The Latest Stinging Fly has ...

... loads of poems, dark stories and some reviews too.

Liz Gallagher's The Wrong Miracle gets a good look-see by Grace Wells - her 'linguistic dexterity' and the 'sheer verve of her style' is mentioned; this comes alongside five other worthy first collections.

Highlights for me: 'Road Trip,' well-written non-fiction (although it had me completely absorbed in the way that fiction usually does) by Robert Hopkins; an interview with Deirdre Madden and two fine poems that sat well together - 'A Little Knowledge' by Val Nolan and 'Grapefruit' by Alan Garvey.

But hey, don't take my word for it: go get your own copy of the Stinging Fly, why don't you.

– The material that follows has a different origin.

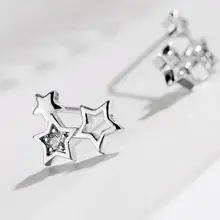 Модные ювелирные изделия, 925 пробы, серебряные серьги-гвоздики с кристаллами и звездами для женщин и детей, предотвращающие аллергию, подвески eh240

And the cover - so, so sumptuous - and red! I like.

Friday, October 23, 2009

Falling Back

Autumn Herself

She leaves notes on the brambles:
glistening blackberry globes for stewed
desserts and jam, or damsons ready
for eager childrens' hands to scrump.

She flirts with a passer-by in the quickened
blaze she leaves on a ten year old beech,
fire licks going quickly over to bronzed yellow.
They cling until the first hard storm
spins their dry crunches into a limp mess
down the muddy street drains.

She's the crush of burnt sienna velvet
in a dress fondled in a department store.
She's low angled sunshine across a field
of beige barley-stubble. Her scent
is the must of late saucer mushrooms;
her jewellery scarlet berries hiding
in the dark, green prickles of paired Holly trees.

Friday, October 16, 2009

A Gallery of Poets

Last night, like I hadn't enough to be doing, I headed to Dublin's Waterstones to a Gallery launch of five poets' latest poetry collections. The poets didn't disppoint. I ended up going home with an armful of books, and really enjoyed hearing them sound their poems out. I met the lovely Hugh O'Donnell hob-nobbing with Denis O'Driscoll and chatted to quite a few poetry g-literati (hi Teresa!).

In order of appearance: Tom French, with The Fire Step (his first collection, Touching the Bones won the Forward Prize in 2001); Vona Groarke with the very accomplished Spindrift (I've seen quite a few of her poems from the collection in various journals and papers over the last while); Kerry Hardie, with Only This Room; Eilean Ni Chuilleanain, with The Sun-Fish (a PBS recommendation this quarter); and Peter Sirr, with The Thing Is.

I like all of them very much and am having a good read of them all, being suitably impressed by their writing, skill and techique. Peter Sirr's remarks about the complexities and wrestling with the minutiae of editing, and how it is always taxing raised a few chuckles in the room, as did editor, Peter Fallon's ripostulary remarks about how we all submit to the editor - hmm.

On a more serious note, Peter Fallon referred to the dangerous currents of uncertainty in the arts world and how none of us know how these will play out, especially now that the Celtic Tiger has well and truly scampered off over the horizon - eastwards. Tough times are coming. Small comfort I know, but in the end, it was still a good turn-out last night, all things considered.